As a final remark, to be fair, we must say that, for some of the competitors, the authors also provide some criterion to identify the “best” number of clusters [this is done, for instance, by Ailem et al. (2016)]. However, the related methods always involve the repeated execution of the original algorithm, which can be unfeasible on very high-dimensional data, especially if the number of input parameters is also high.

7 Conclusion

We have introduced a prototype-based co-clustering approach optimizing a simplified version of the Goodman–Kruskal’s \(\tau \) association measure, an objective function that is minimally affected by the choice of the number of clusters, a typical input parameter of any (co-)clustering algorithm. Differently from the previous attempts of using this measure to perform parameterless co-clustering on matrices and tensors, our algorithm is much faster, while at least preserving, if not improving, the quality of the extracted clusters. When compared to state-of-the-art co-clustering algorithms that require the number of clusters as input parameter, our algorithm also shows its effectiveness and feasibility. On tensor data, it is even faster than any other competitor considered in this study.

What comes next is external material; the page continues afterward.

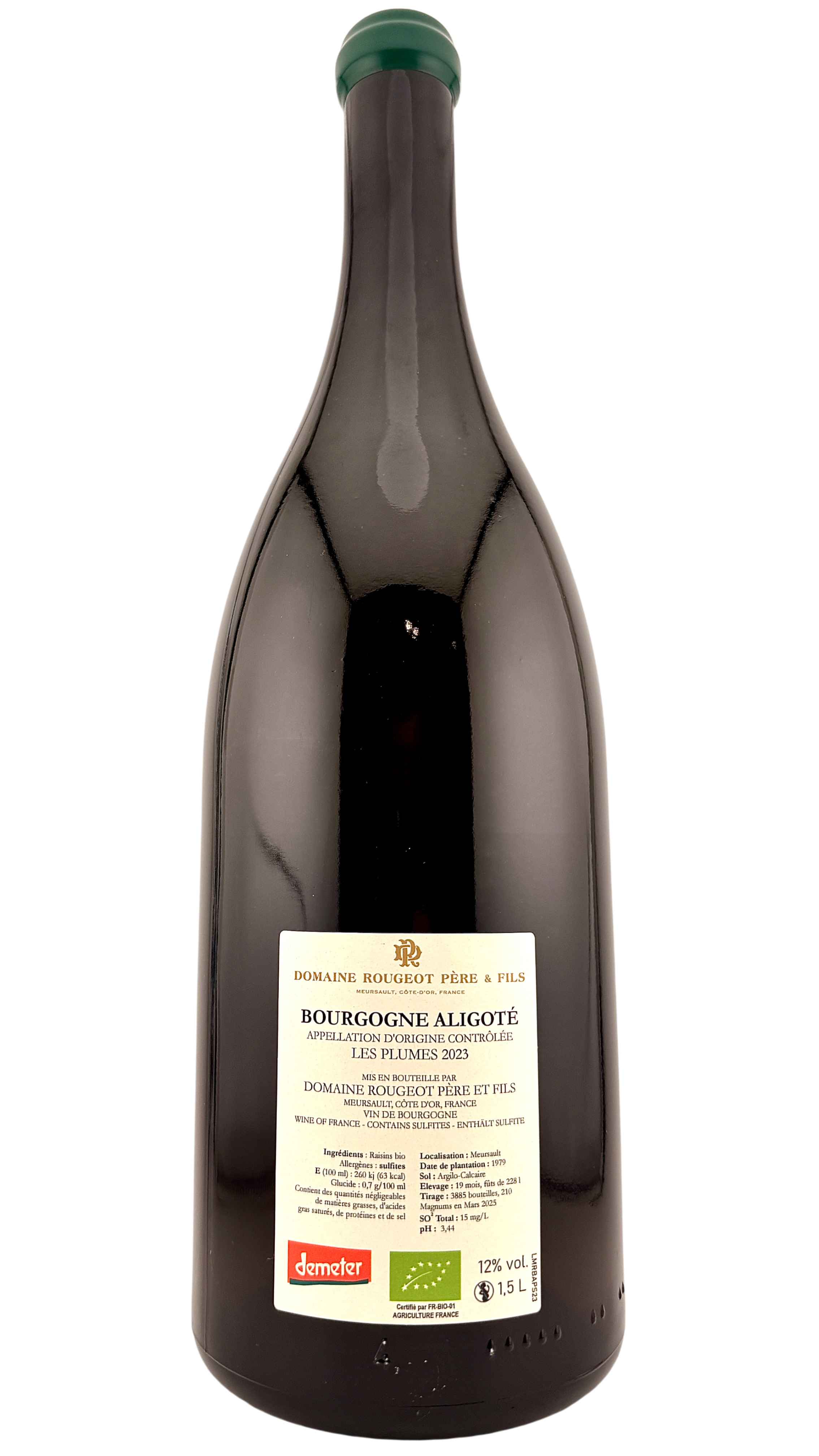 Bourgogne ALigoté Les plumes Domaine Rougeot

A limitation of our approach (as well as of all other algorithms optimizing the same family of objective functions) is that it is not well suited for dense numeric matrices (e.g., gene expression data), because, in this case, the association captured by the \(\tau \) measure could be meaningless. As future work, we will investigate ways to exploit the good properties of the new version of \(\tau \) in such more challenging contexts. Furthermore, we will investigate more in detail the suspected intrinsic ability of identifying outliers in data, which could make the overall approach even more robust.